[Web page caption snippets]
○ ○ ○ ○ ○
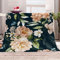 Kuscheldecke Extra Groß 180x220 cm 3D Blumenmuster Weiche Warme Flauschige Sofadecke Wohndecke Grüne Blätter Flanelldecke Tagesdecke Waschbar Microfaser Fleecedecke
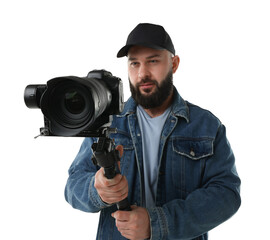 Videographer using gimbal stabilizer with camera on white background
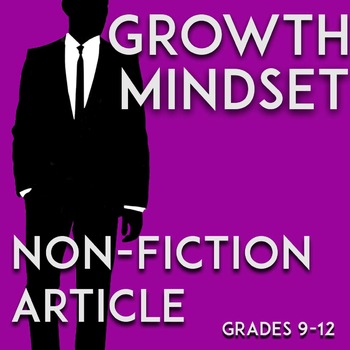 Preview of Growth Mindset Activity High School: Literary Nonfiction Text Malcolm Gladwell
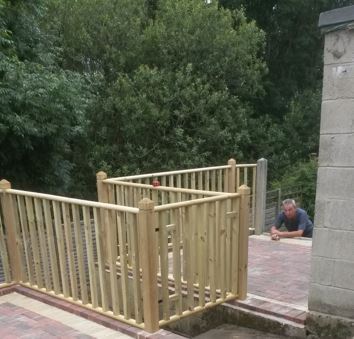 wooden balustrade under construction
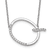 Rhodium Over 14k White Gold Sideways Diamond Initial Q Pendant Cable
Link 18 Inch Necklace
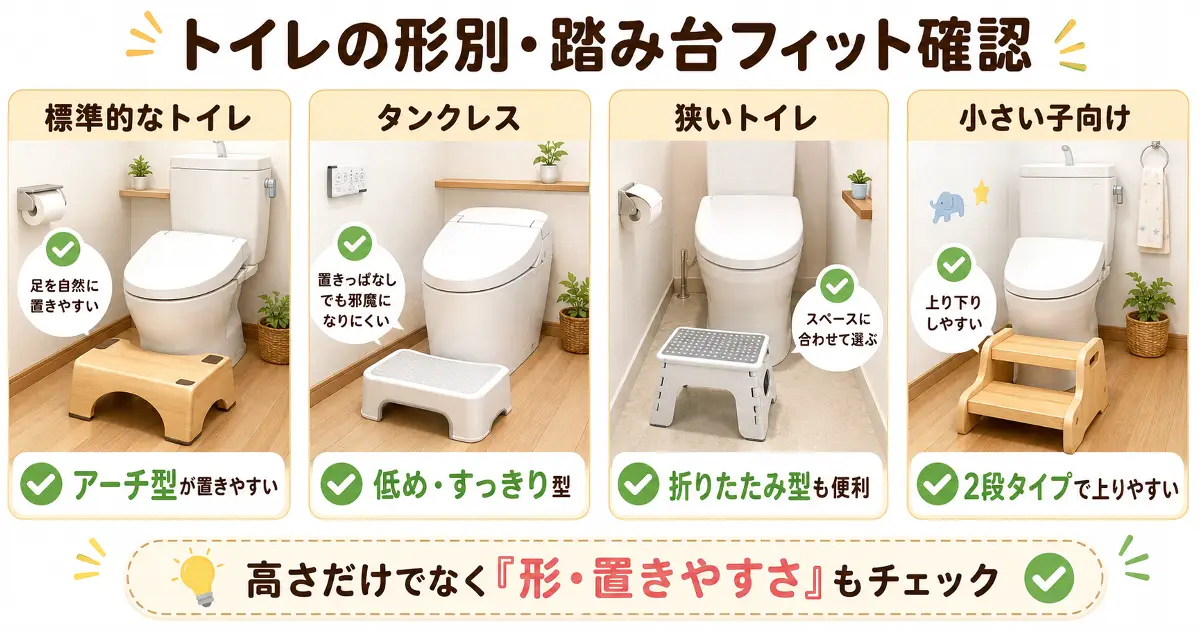 標準的なトイレ、タンクレストイレ、狭いトイレ、小さい子向けトイレに合う踏み台の形を比較した画像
○ ○ ○ ○ ○
_Problem statement_
Your copy should hold only the lines from the line with "Link 18 Inch Necklace" through the end of the data above, both ends included, transcribed exactly and without pictures.

_Response below_
Link 18 Inch Necklace
 標準的なトイレ、タンクレストイレ、狭いトイレ、小さい子向けトイレに合う踏み台の形を比較した画像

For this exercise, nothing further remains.